§ **Exercise details**
Reproduce exactly the line that contains "2018 FORD MUSTANG" and every line after it through the end of the records below, leaving out all pictures.

§ **Supplied information**
=-=-=-=-=
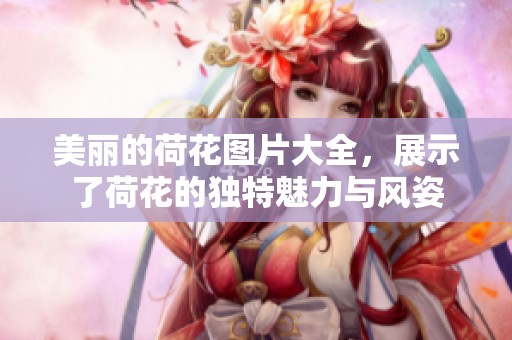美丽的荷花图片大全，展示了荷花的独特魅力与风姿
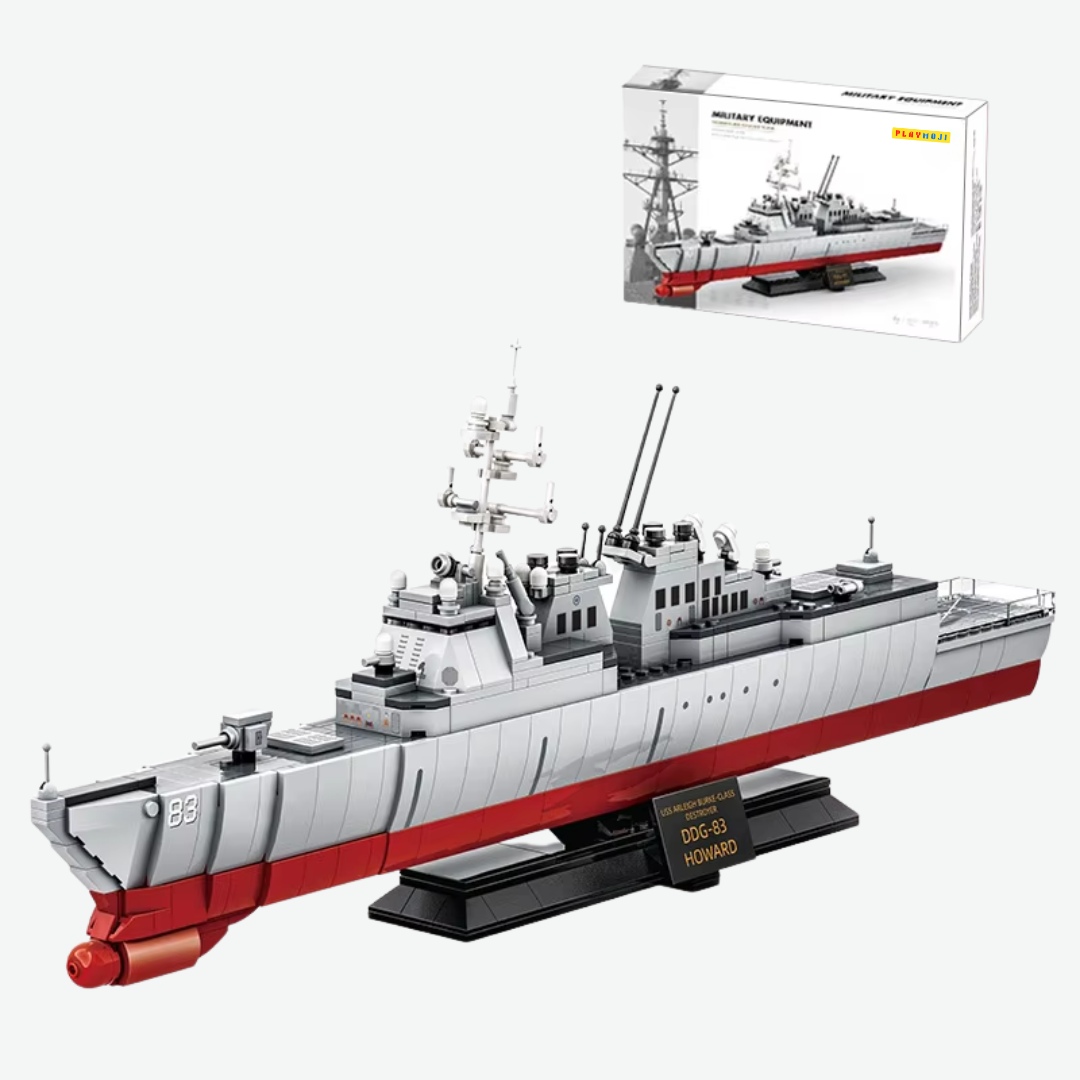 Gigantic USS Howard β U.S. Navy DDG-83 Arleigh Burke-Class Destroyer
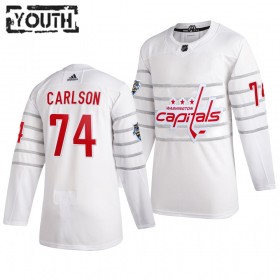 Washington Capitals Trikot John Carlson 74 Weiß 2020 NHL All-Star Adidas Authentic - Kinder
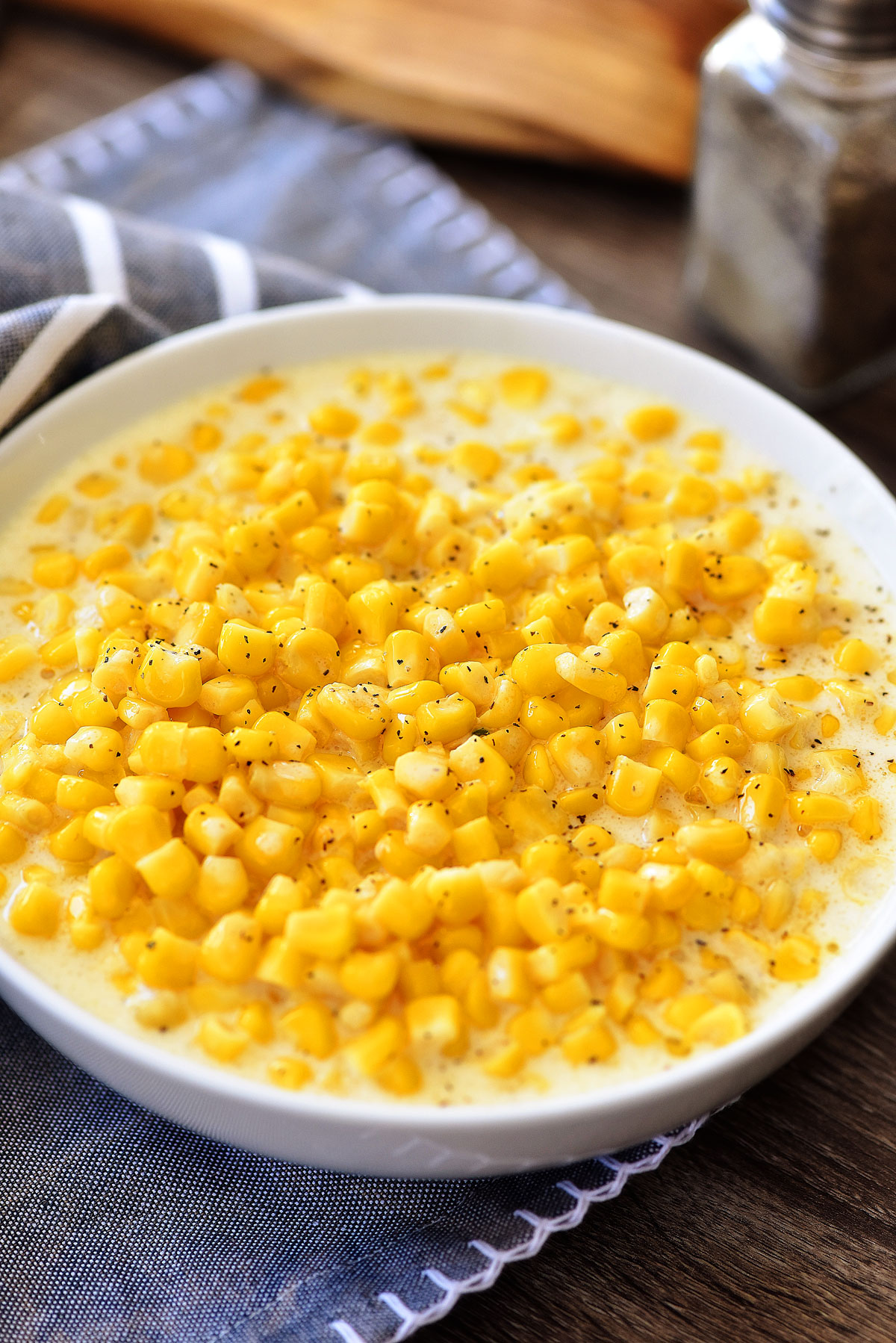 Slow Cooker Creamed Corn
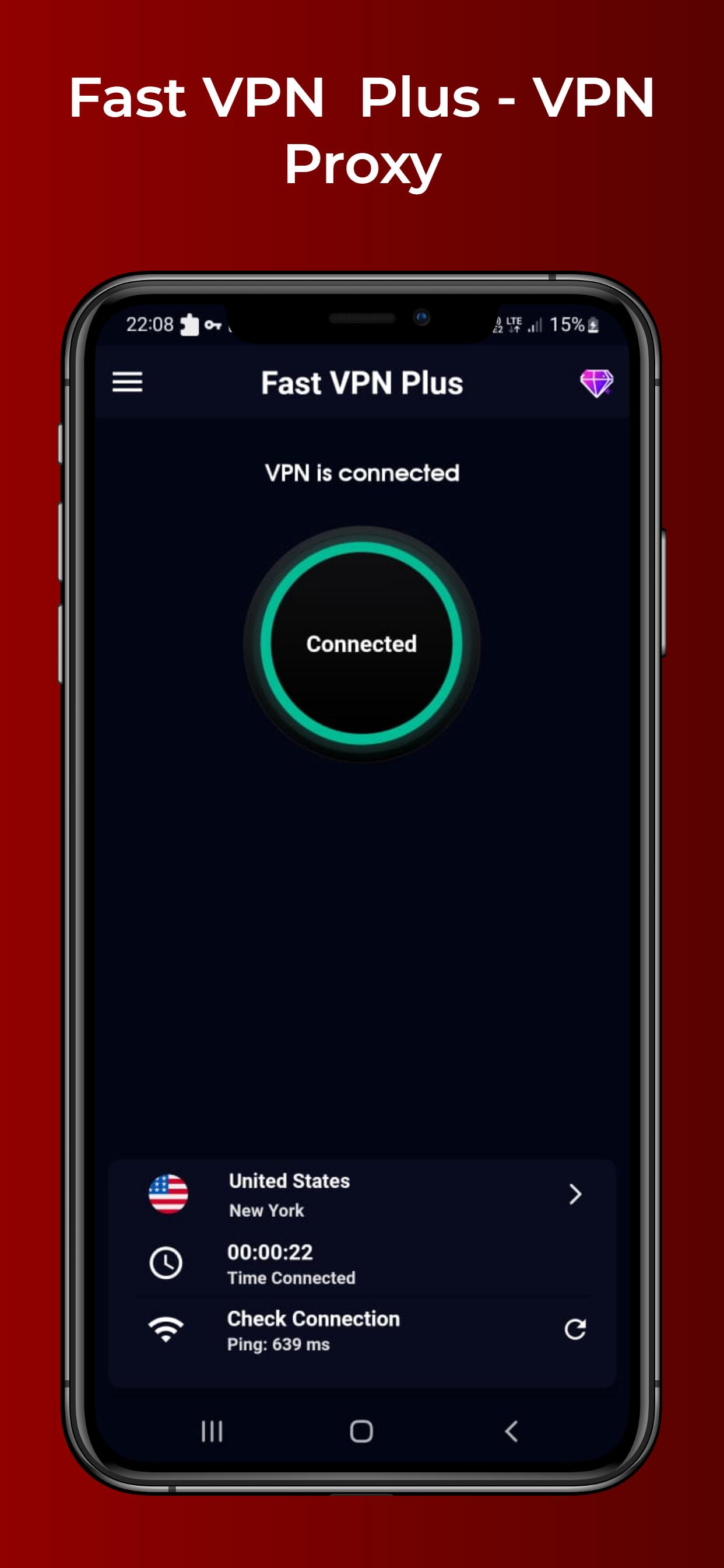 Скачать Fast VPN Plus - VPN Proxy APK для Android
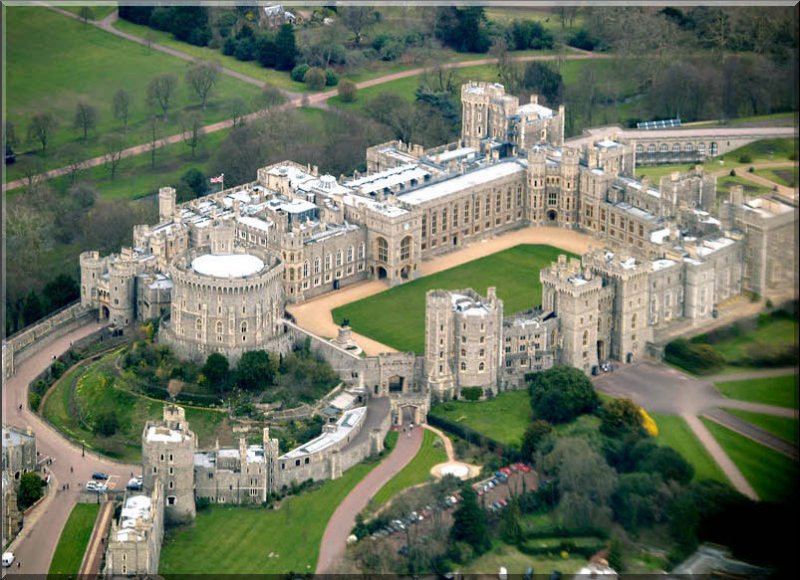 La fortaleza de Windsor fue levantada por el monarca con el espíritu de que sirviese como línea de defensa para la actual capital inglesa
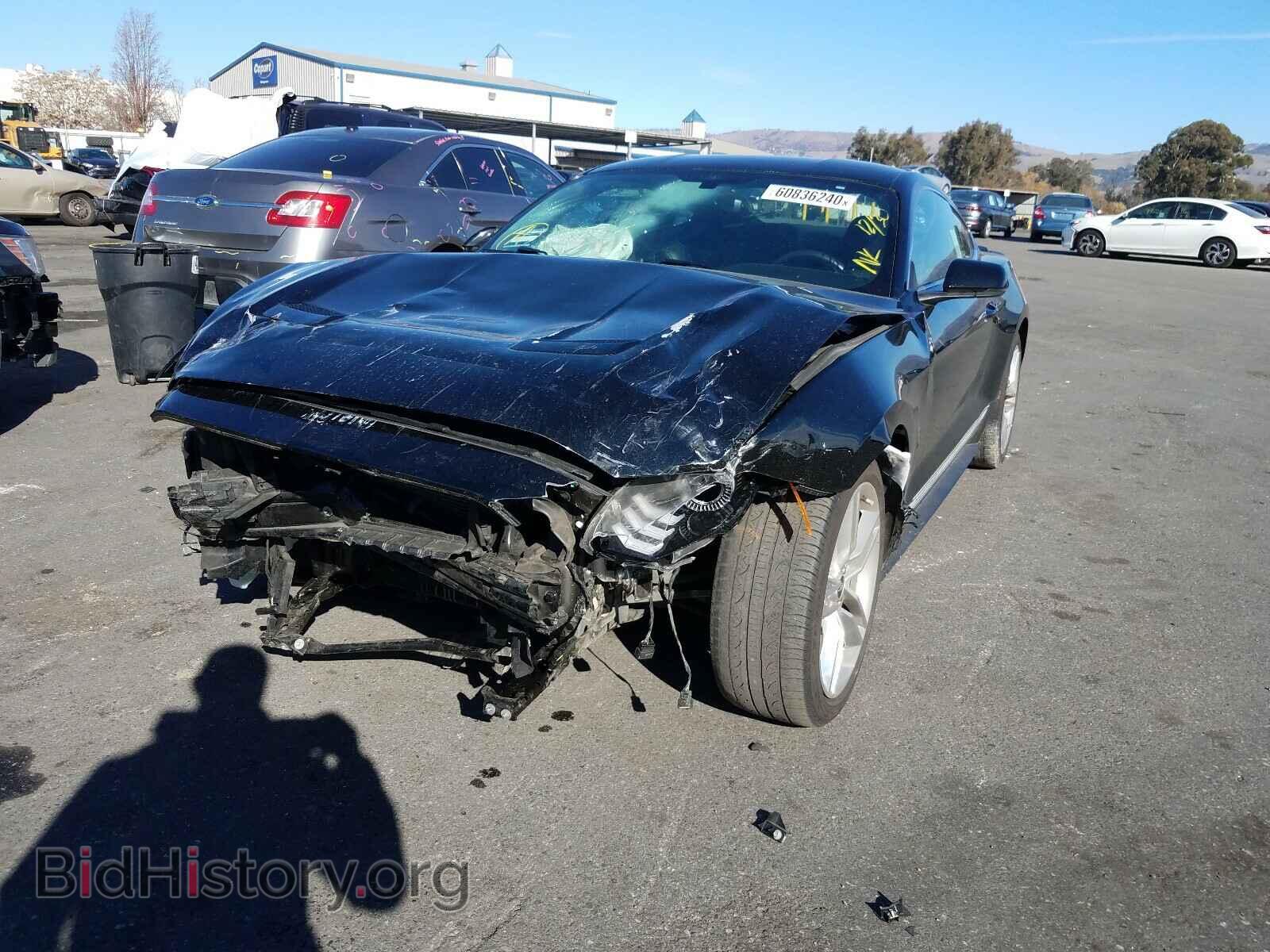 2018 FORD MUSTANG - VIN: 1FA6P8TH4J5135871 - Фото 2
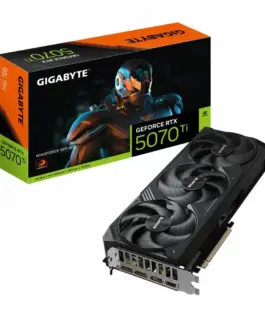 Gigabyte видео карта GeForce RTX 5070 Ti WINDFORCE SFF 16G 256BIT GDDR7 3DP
=-=-=-=-=
§ **Solution**
 2018 FORD MUSTANG - VIN: 1FA6P8TH4J5135871 - Фото 2
 Gigabyte видео карта GeForce RTX 5070 Ti WINDFORCE SFF 16G 256BIT GDDR7 3DP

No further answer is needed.